We took 100 consecutive measurements and got these results:

On iPhone 8:

• Mean squared error - 0.16%

• Maximum inaccuracy - 0.5%

On iPhone X:

• Mean squared error - 0.19%

• Maximum inaccuracy - 0.6%

On iPhone 5:

• Mean squared error - 0.29%

• Maximum inaccuracy - 1.3%

The accuracy of measurements depends on the device, however the error rarely exceeds 2%. You can always increase accuracy by making a series of measurements. If you make a series of measurements, the degree of error is usually 0.5% or less.

For greater precision, long distances should be measured in parts.

The app cannot replace a ruler completely as a ruler has a fixed degree of inaccuracy (half of the smallest increment) but it is useful for getting an approximate measurement without a ruler as, remember, your device is always with you.
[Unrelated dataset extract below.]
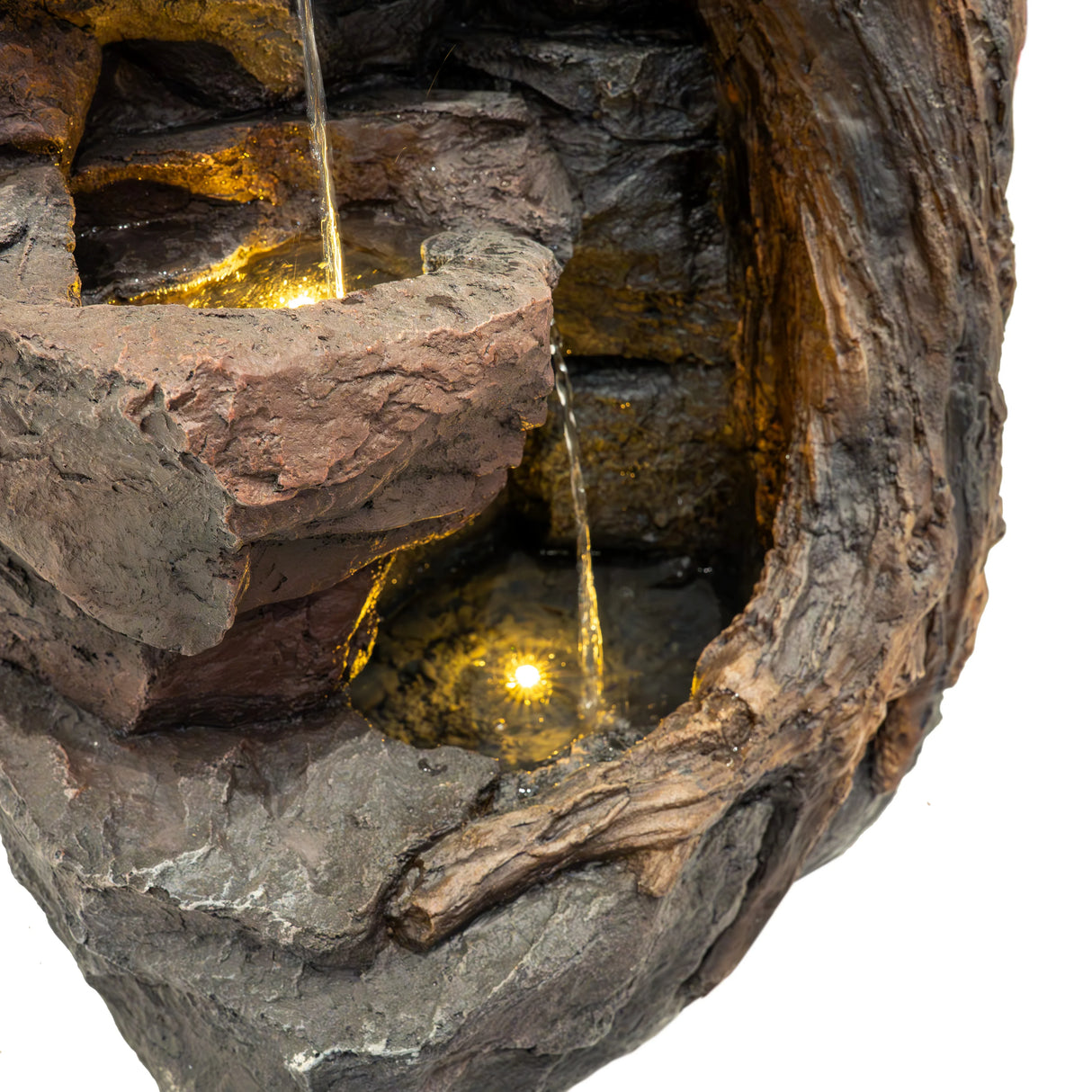 Electric water feature with cascading water, textured stone finish, warm LED lights, and natural rock-like design in earthy tones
In some cases, when you know that the distance is some kind of standard size, you can say with a degree of certainty that you will get an accurate result. For example, if you measure a piece of furniture, which is nearly always a length in multiples of 6″, and you get 2′ 11 3/4″ then more than likely the real result is 3′. Or if you are using the metric system, if you get 60.5 cm then more than likely the real result is 60 cm.

Angles can be measured with the app to an accuracy of one degree so the app can easily take the place of a protractor or a goniometer (angle measurer).

Perhaps you will be interested in this. We have measure a reference length of 1 meter on the iPhone 8. Here are the results of the 50th measurement: 99.9, 99.9, 100.0, 100.0, 99.9, 99.9, 99.9, 100.0, 100.0, 99.9, 100.1, 100.3, 100.3, 100.2, 100.0, 99.7, 100.0, 100.1, 100.0, 99.9, 99.8, 100.1, 99.9, 100.1, 100.2, 99.9, 99.9, 100.1, 99.9, 100.3, 100.0, 100.0, 100.4, 99.7, 100.1, 100.0, 100.2, 100.3, 100.2, 100.0, 99.9, 100.0, 100.1, 99.9, 100.1, 100.3, 100.0, 100.0, 100.1, 100.0.